**What you are asked to do**. Take the line with "Kancelářský box Varicolor" and every line after it, through the end of the listing, and give them again exactly, pictures excluded.

**Dataset excerpt**.
-- Opening Marker --
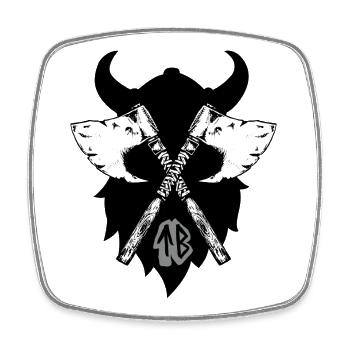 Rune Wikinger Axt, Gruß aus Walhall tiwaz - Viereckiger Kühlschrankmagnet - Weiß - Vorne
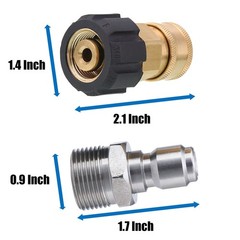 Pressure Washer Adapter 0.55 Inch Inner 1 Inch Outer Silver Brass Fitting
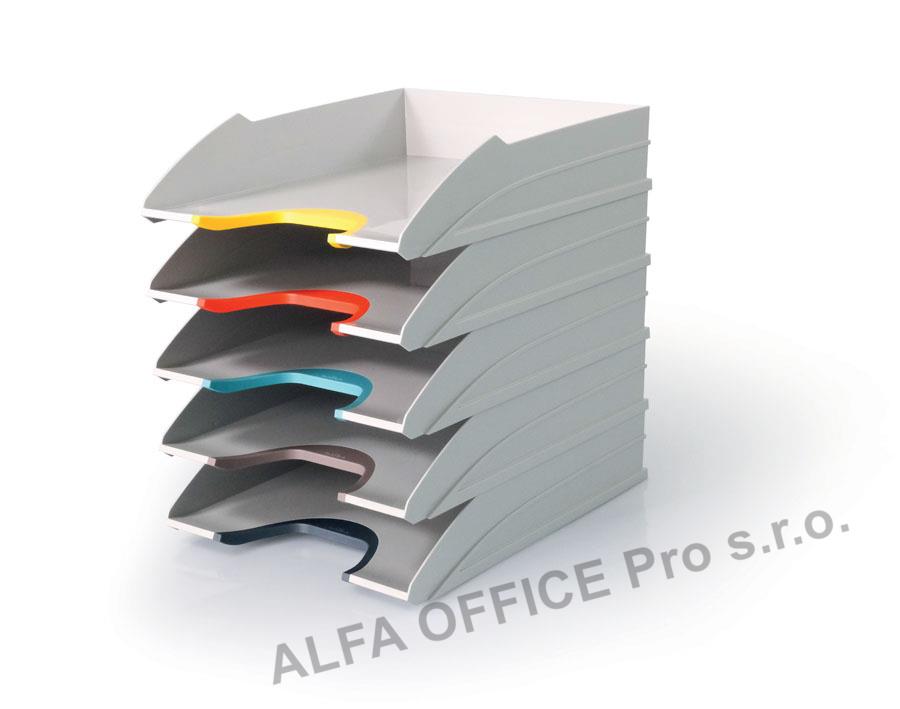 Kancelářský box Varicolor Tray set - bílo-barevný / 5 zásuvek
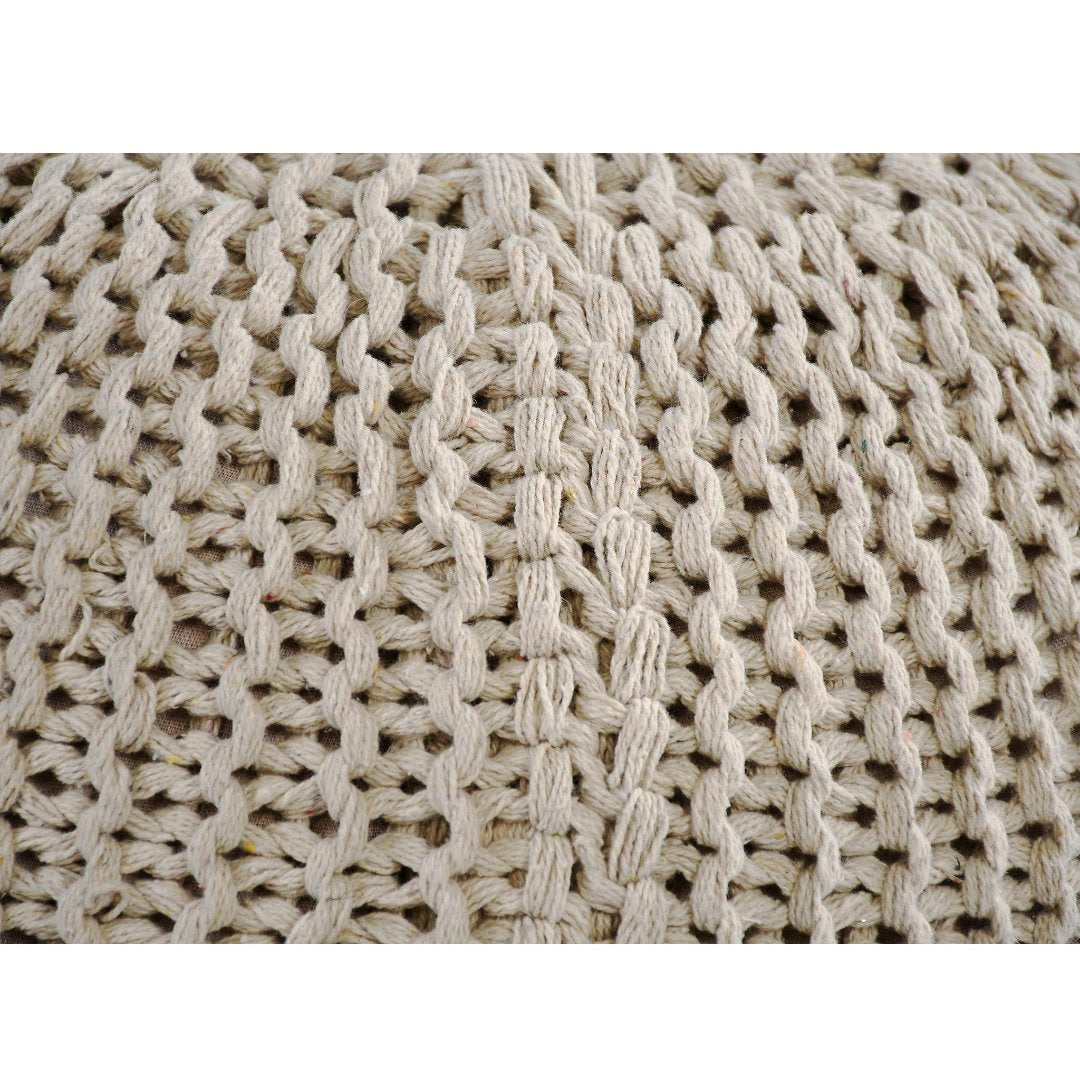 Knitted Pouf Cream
-- Closing Marker --
**Solution for this exercise**.
 Kancelářský box Varicolor Tray set - bílo-barevný / 5 zásuvek
 Knitted Pouf Cream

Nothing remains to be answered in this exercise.